Block Valve
Complete
The Block Valve is the kernel's storage interface. It enforces a strict separation: the kernel passes sectors; it does not interpret them.
Design
In a traditional OS, the filesystem runs inside the kernel. A bug in ext4, NTFS, or ZFS can crash the entire system. The Block Valve rejects this design:
┌──────────────────────────────┐
│ Application │ Reads/writes files
├──────────────────────────────┤
│ NexFS (Userland Fiber) │ Interprets filesystem structures
├──────────────────────────────┤
│ Block Valve (Kernel) │ Passes raw sectors, nothing more
├──────────────────────────────┤
│ VirtIO Block Driver (HAL) │ DMA to/from hardware
└──────────────────────────────┘The Block Valve provides exactly three operations:
| Operation | Description |
|---|---|
block_read(lba, count) | Read count sectors starting at logical block address lba |
block_write(lba, count, data) | Write count sectors starting at lba |
block_info() | Return device geometry (sector size, total sectors) |
That's it.

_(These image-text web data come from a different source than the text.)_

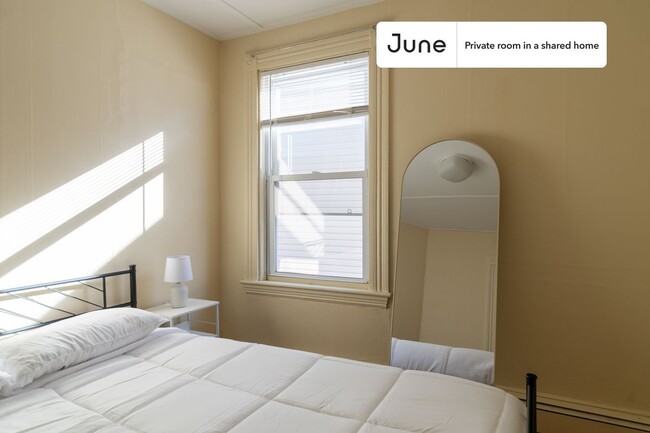 Foto del edificio - Private bedroom in 4 bed/1 bath Home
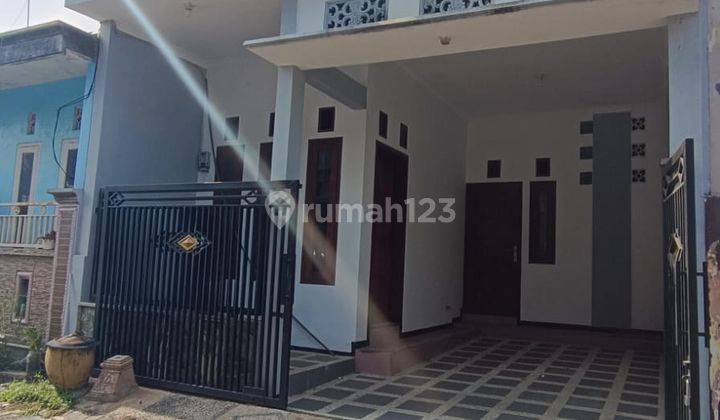 Rumah Minimalis Modern di Perum Bumi Mondoroko Singosari 1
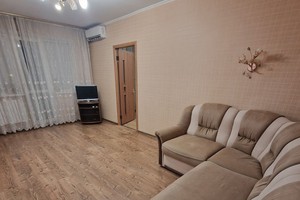 2 комн квартира на Слобожанском проспекте, левый берег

No open, no close, no seek, no ioctl. The Block Valve does not know what a file is, what a directory is, or what a superblock is.
Security
Access to the Block Valve requires an explicit capability in the fiber's CSpace. The NexFS fiber holds the block device capability. Application fibers do not — they communicate with NexFS through the VFS ION Ring (0x2000), which provides a file-level API.
This means:
- An application cannot bypass NexFS to read raw sectors
- A compromised application cannot corrupt the filesystem
- NexFS mediates all storage access through capability checks
Zero-Copy DMA
On hardware that supports it, the Block Valve uses zero-copy DMA:
- NexFS allocates a buffer in its address space
- The Block Valve maps that buffer for DMA
- The hardware reads/writes directly to/from NexFS's buffer
- No kernel copy. No intermediate buffer.
This is specified in SPEC-700 (Zero-Copy DMA).